ASSIGNMENT:
Each line below is to be copied out exactly, and none may be omitted.

DATA EXCERPT:

BEGIN

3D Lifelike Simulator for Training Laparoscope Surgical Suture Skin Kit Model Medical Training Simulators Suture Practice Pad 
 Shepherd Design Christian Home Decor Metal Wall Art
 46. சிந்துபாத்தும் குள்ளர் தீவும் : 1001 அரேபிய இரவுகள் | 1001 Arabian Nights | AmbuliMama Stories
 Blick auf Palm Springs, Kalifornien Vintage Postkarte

END

WRITTEN ANSWER:
3D Lifelike Simulator for Training Laparoscope Surgical Suture Skin Kit Model Medical Training Simulators Suture Practice Pad 
 Shepherd Design Christian Home Decor Metal Wall Art
 46. சிந்துபாத்தும் குள்ளர் தீவும் : 1001 அரேபிய இரவுகள் | 1001 Arabian Nights | AmbuliMama Stories
 Blick auf Palm Springs, Kalifornien Vintage Postkarte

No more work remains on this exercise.